Data section:
------
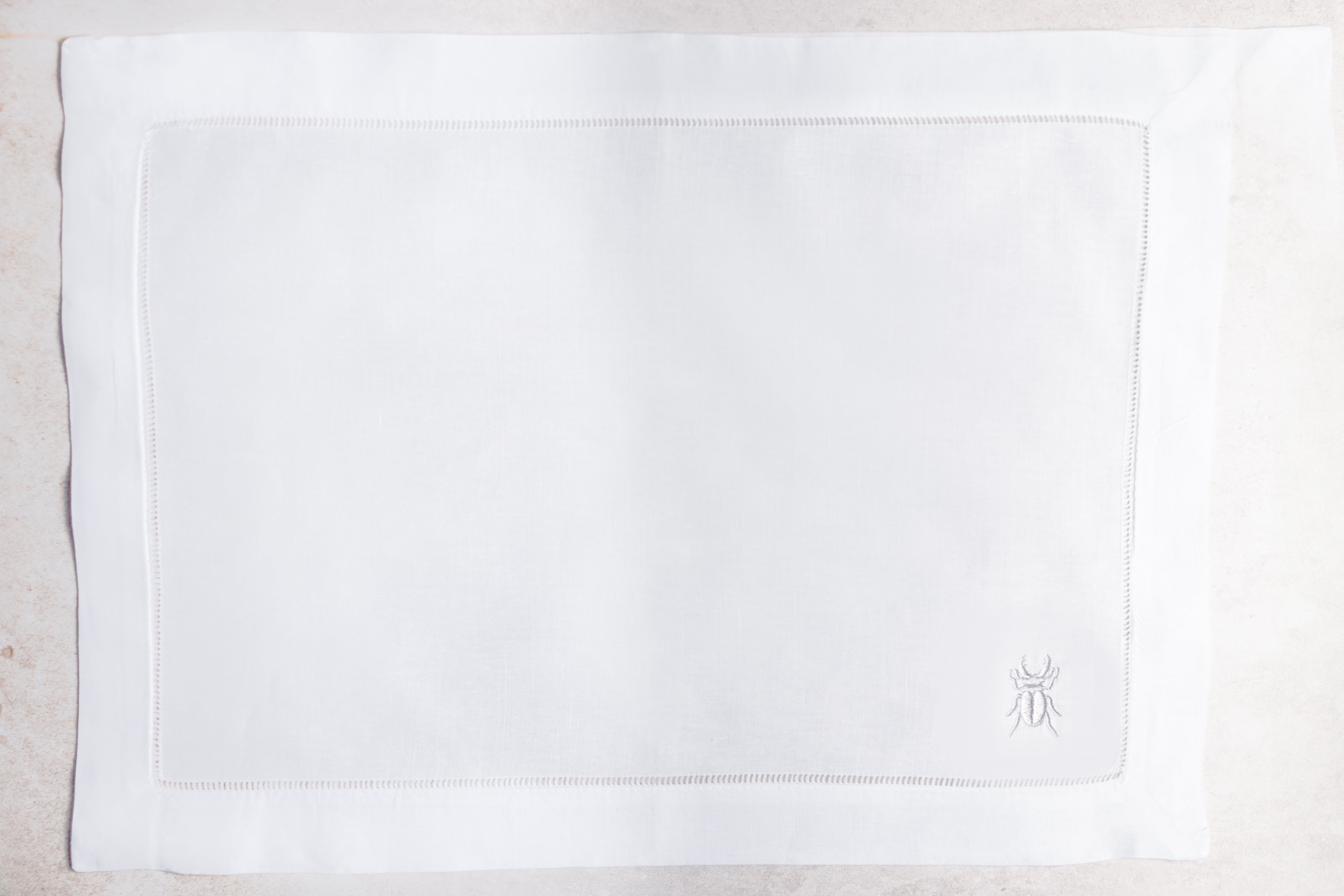 Mantel individual de lino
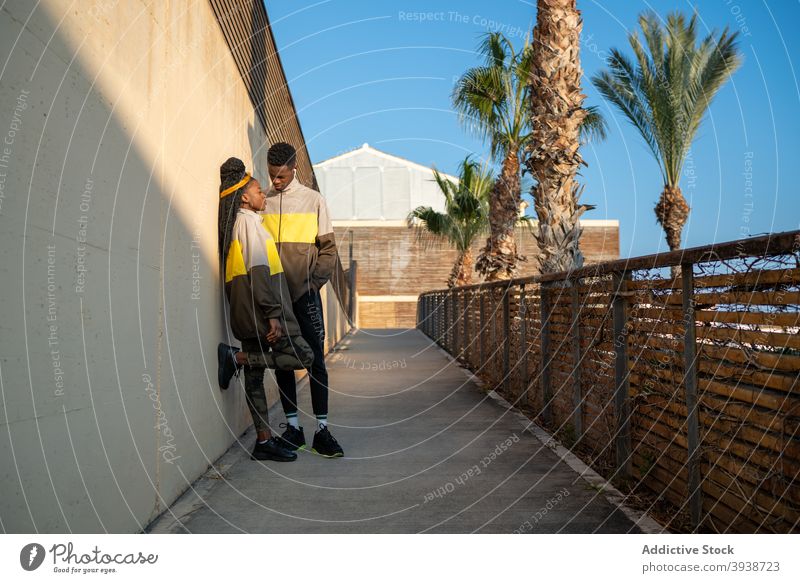 Sportliches schwarzes Paar entspannt sich nach dem Training im Park sich[Akk] entspannen Zusammensein Erholung Pause Partnerschaft Handfläche Stil Vitalität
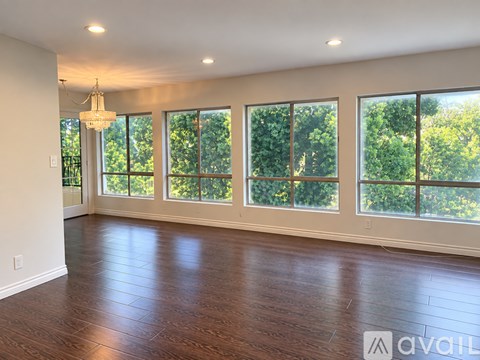 A room with wooden floors and a chandelier.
------
What is expected:
In the reply, each line of the data must appear exactly as written, and no picture may appear.

Response box:
 Mantel individual de lino
 Sportliches schwarzes Paar entspannt sich nach dem Training im Park sich[Akk] entspannen Zusammensein Erholung Pause Partnerschaft Handfläche Stil Vitalität
 A room with wooden floors and a chandelier.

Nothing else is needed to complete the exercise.